This Haiku app tests a set of re-ordered catkeys files for a consistent fingerprint, and attempts to fine which line the first mis-match of keys occurs on.
It is possible to easily create invalid catkeys files and not have a problem show up until you try and use linkcatkeys to join translations in to your final app.
Common problems include:-
- A change of case in any character between catkey versions
- An addition/removal of trailing whitespace in keys between catkey versions
- Non escaped newline (\n) and tab (\t) characters in keys
By recomputing the fingerprint from scratch when loading a catkeys file using the same algorithm as used in Haiku (uses the exact same library code), the tool will show the actual, correct current fingerprint of each catkeys file.
The tool also assumes the first catkeys file supplied is generated from your app. This is usually the default English language file. It uses this file to cache the fingerprint and key after each line in the source file. This enables the tool to show you exactly where your file diverged from the source language.
Naturally, as this is a hash algorithm, it can only easily spot the first key this diverges on.

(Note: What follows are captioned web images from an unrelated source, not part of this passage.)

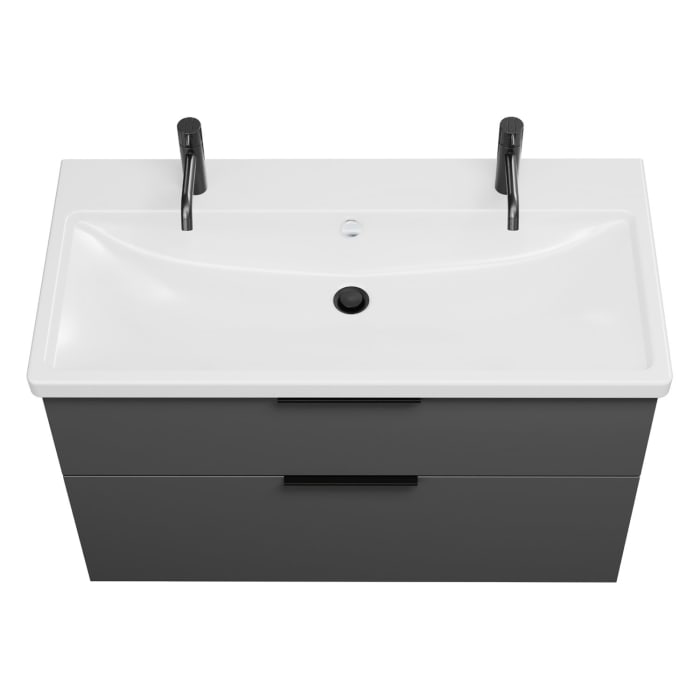 burgbad Eqio Waschtischkombination mit Keramik-Waschtisch, 103 cm, mit Griff G0200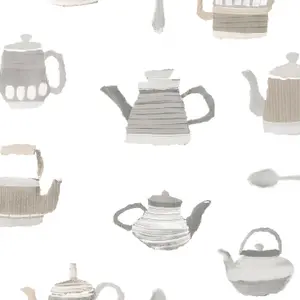 Galerie Kitchen Style 3 Grey Beige Teapot Motif Smooth Wallpaper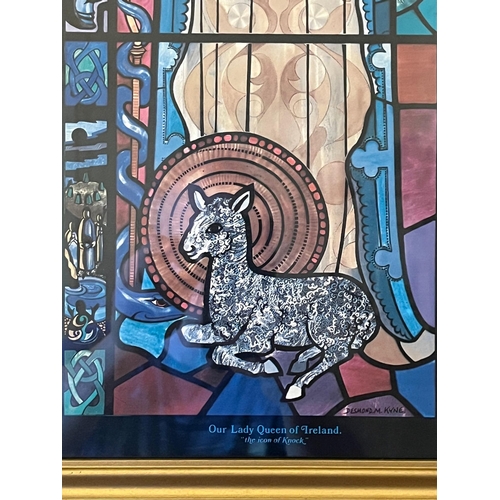 155 - Our Lady Queen of Ireland, Stained Glass Style Print (31 cm W x 66 cm H)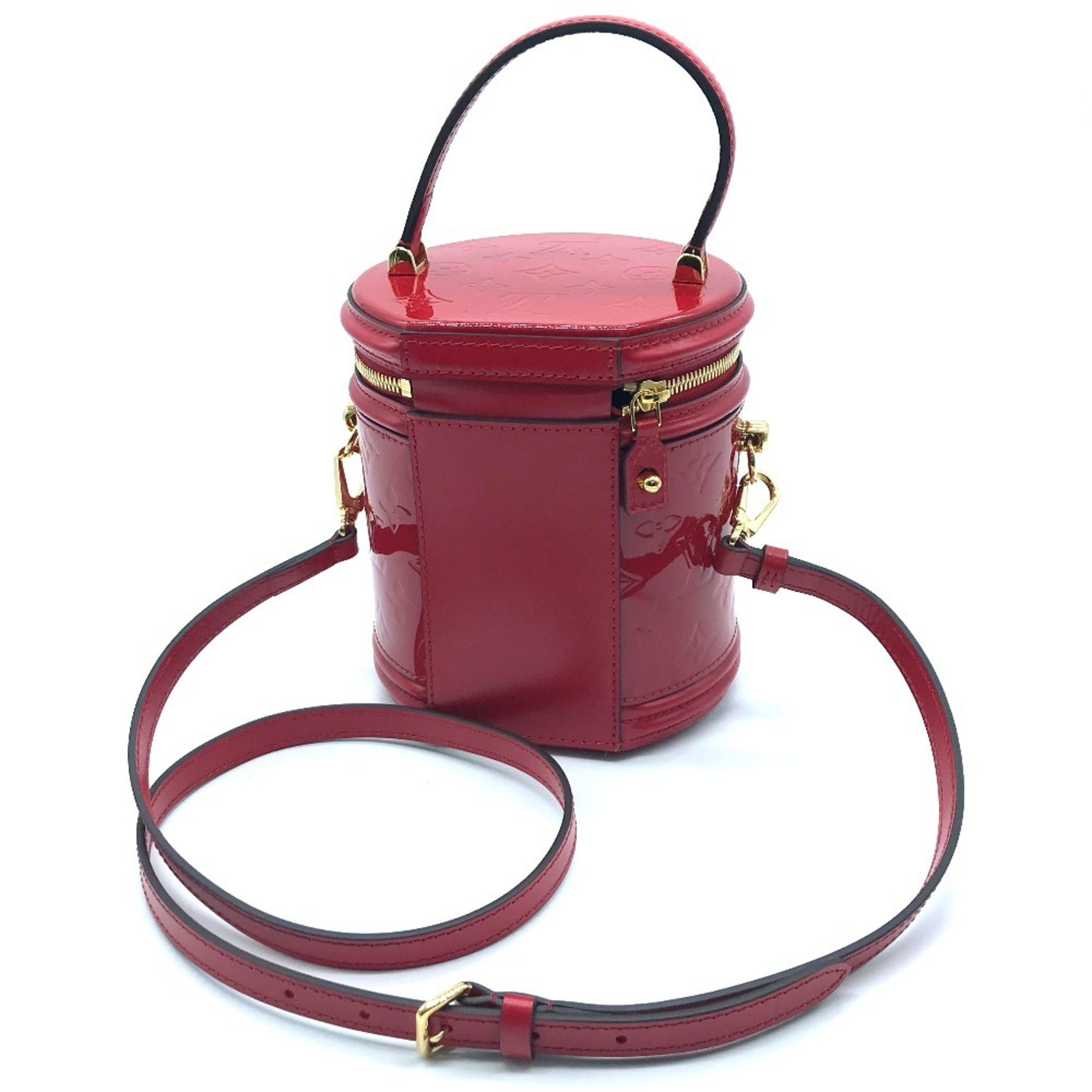 LOUIS VUITTON M53998 Monogram Vernis Cannes PM Handbag Patent Leather Women's Rouge Red — New - Store Return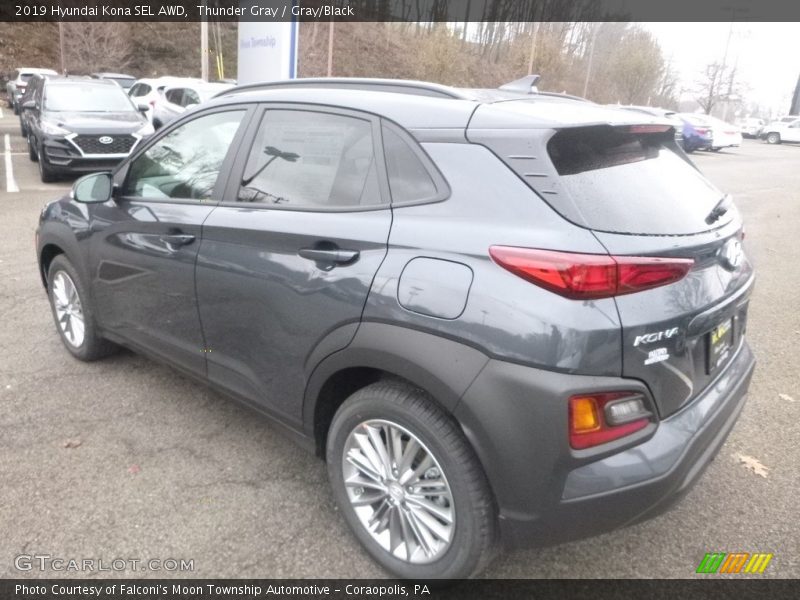 Thunder Gray / Gray/Black 2019 Hyundai Kona SEL AWD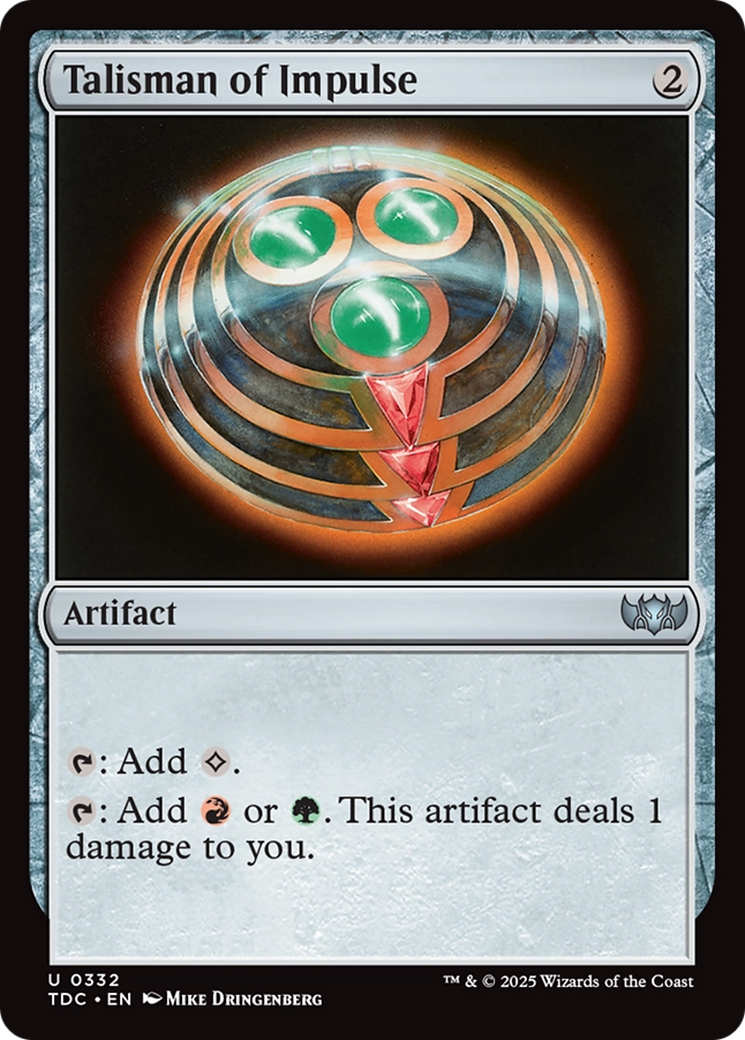 Talisman of Impulse [Tarkir: Dragonstorm Commander] | Shuffle n Cut Hobbies & Games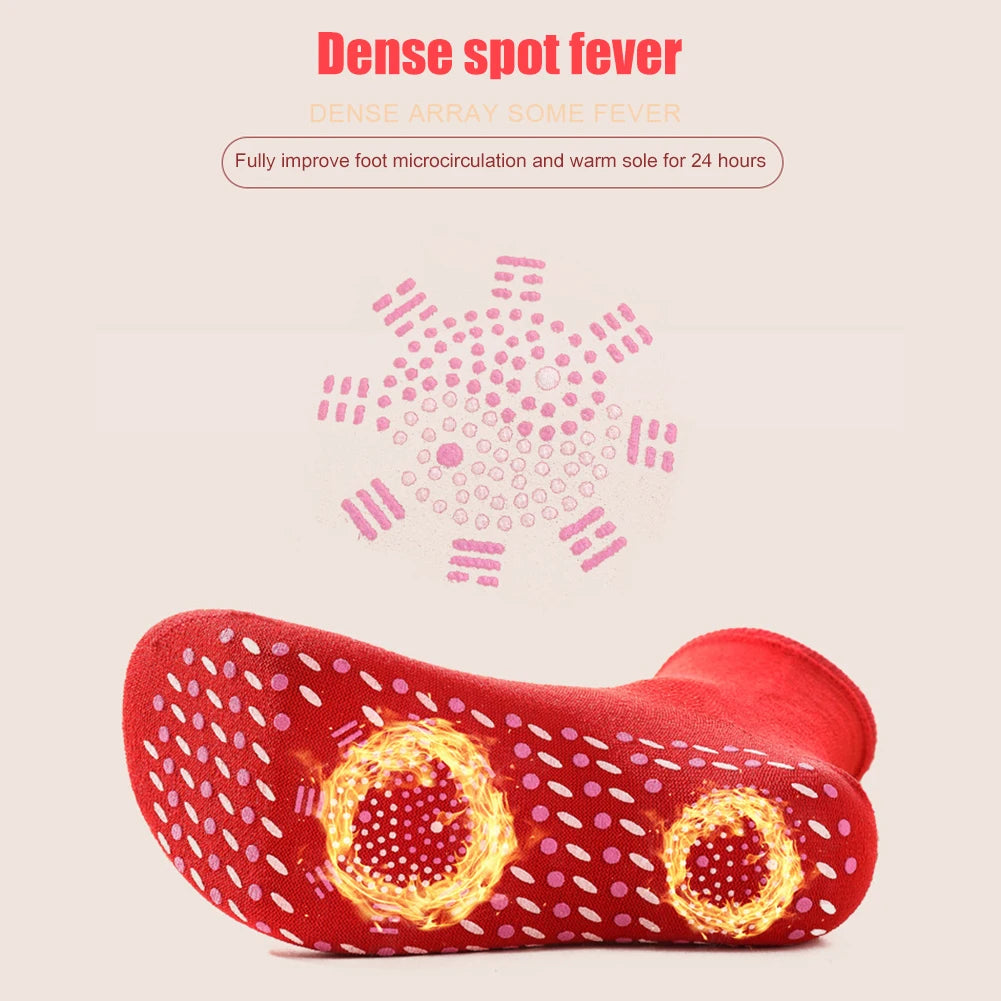 1-3Pair Self Heating Socks Winter Skiing Warm Socks Pain Relief Whole Foot One Size Socks Tourmaline Cold-Resistant for Winter-belleandkai.com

WARNING: You must reorder your catkeys files to ensure all keys are in the same order. Read (but DO NOT run) the reorder.sh file in this repository for a command that will reorder a catkeys file.
The default Paladin project file will launch the tool using the provided three example ordered catkeys files. Source is English, correct matching file is German, incorrect mismatch file is Italian.
This code is licensed under the MIT license. See the LICENSE file for details.